Would you print every entry below exactly as written, omitting the images?
· · ·
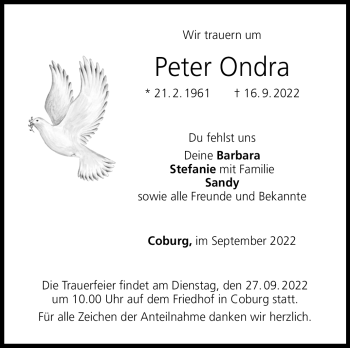 Traueranzeige von Peter Ondra von Neue Presse Coburg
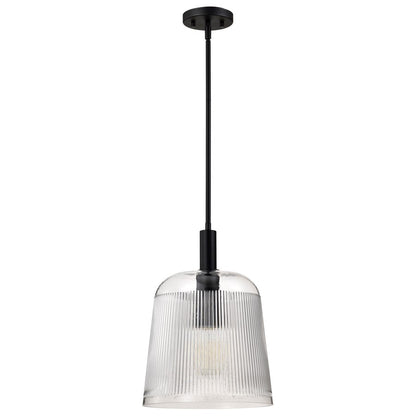 Nuvo Lighting Grayson 12in 1-Light Pendant | Industrial Matte Black Steel and Clear Ribbed Glass | Kitchen Island & Dining Room | 12 x 12 | Model 60-8607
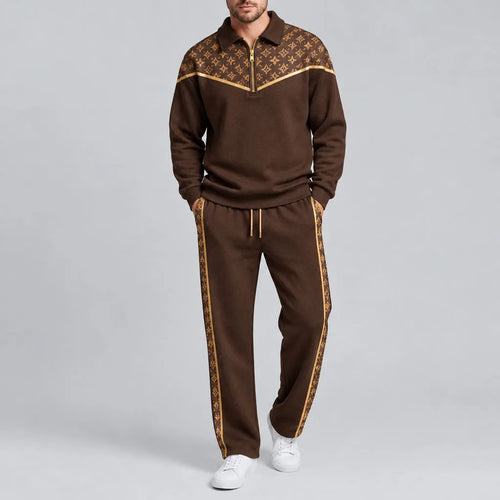 Men's Brown Polo Shirt and Pants Set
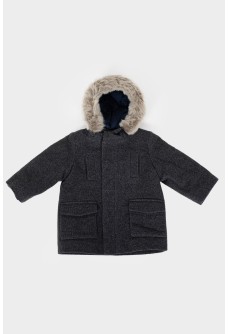 Jacket for children with a hood with fur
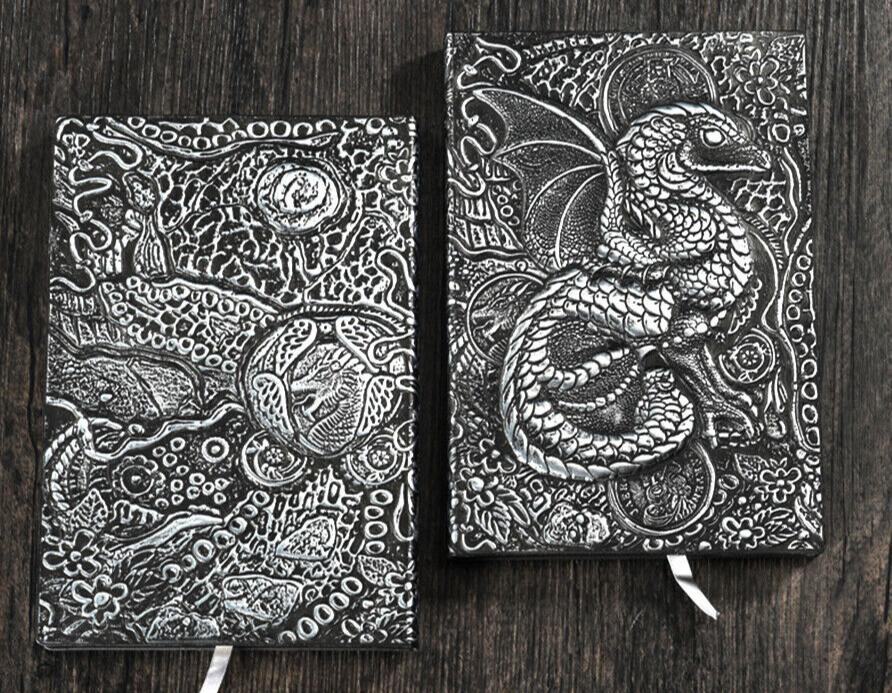 3D Flying Dragon Journal - Embossed Writing A5 Notebook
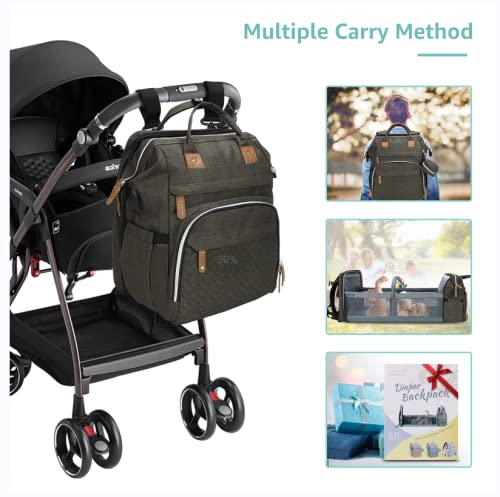 DERJUNSTAR Diaper Bag Backpack, Large Baby Bag with Changing Pad, Thick Padded Back & Straps, Laptop Compartment, Waterproof Travel Backpack with USB Port, Multi-Function for Mom & Dad, Army Green - color: Army Green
· · ·
Solved exercise:
 Traueranzeige von Peter Ondra von Neue Presse Coburg
 Nuvo Lighting Grayson 12in 1-Light Pendant | Industrial Matte Black Steel and Clear Ribbed Glass | Kitchen Island & Dining Room | 12 x 12 | Model 60-8607
 Men's Brown Polo Shirt and Pants Set
 Jacket for children with a hood with fur
 3D Flying Dragon Journal - Embossed Writing A5 Notebook
 DERJUNSTAR Diaper Bag Backpack, Large Baby Bag with Changing Pad, Thick Padded Back & Straps, Laptop Compartment, Waterproof Travel Backpack with USB Port, Multi-Function for Mom & Dad, Army Green - color: Army Green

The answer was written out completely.